Extractive reserve in Ceará, Brazil

The Batoque Extractive Reserve (Reserva Extrativista do Batoque) is an extractive reserve in the state of Ceará, Brazil.

==Location==

The Batoque Extractive Reserve is in the municipality of Aquiraz, Ceará.
It has an area of 602 ha.
The Batoque Lagoon covers about 55 ha of the reserve.
The environment around the lagoon is fragile, and is threatened by dense occupation of the surrounding land.
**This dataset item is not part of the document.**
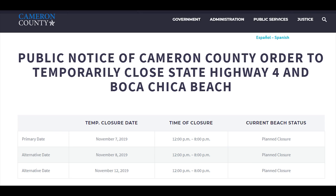With road closures at Boca Chica Beach scheduled for Thursday and Friday of this week, November 7th and 8th, and another planned for November 12th, we could expect that the move may happen this week.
The village of Batoque is over 80 years old, founded by residents who fished and grew subsistence crops.
The residents who engage in extractive activities are mainly involved in marine fishery using traditional boats and rafts.
Some also engage in subsistence agriculture, growing crops such as potatoes and cassava.
As of 2015 there were 262 families in the reserve.
They are eligible for quarterly payments of R$300 in exchange for conserving the ecosystems.

==History==

From the 1970s outsiders began to move into the region around the village.
In 1989 the community founded an association to combat speculators, and in 1999 became engaged in a bitter struggle against a construction company that wanted to build a massive hotel project in the region.
In 2000 the Federal Public Ministry (MPF) agreed to start the process for creating a reserve to protect the land.
The Batoque Extractive Reserve was created by federal decree on 5 June 2003.
It is administered by the Chico Mendes Institute for Biodiversity Conservation (ICMBio).

The reserve is classed as IUCN protected area category VI (protected area with sustainable use of natural resources).
An extractive reserve is an area used by traditional extractive populations whose livelihood is based on extraction, subsistence agriculture and small-scale animal raising.
Its basic objectives are to protect the livelihoods and culture of these people and to ensure sustainable use of natural resources.

On 24 August 2004 the Instituto Nacional de Colonização e Reforma Agrária (INCRA: National Institute for Colonization and Agrarian Reform) recognised the reserve as supporting 230 families of small rural producers, who would qualify for PRONAF support.
The deliberative council was created on 24 May 2012.
On 29 February 2016 a profile of the beneficiary families was published as a basis for discussion of scenarios.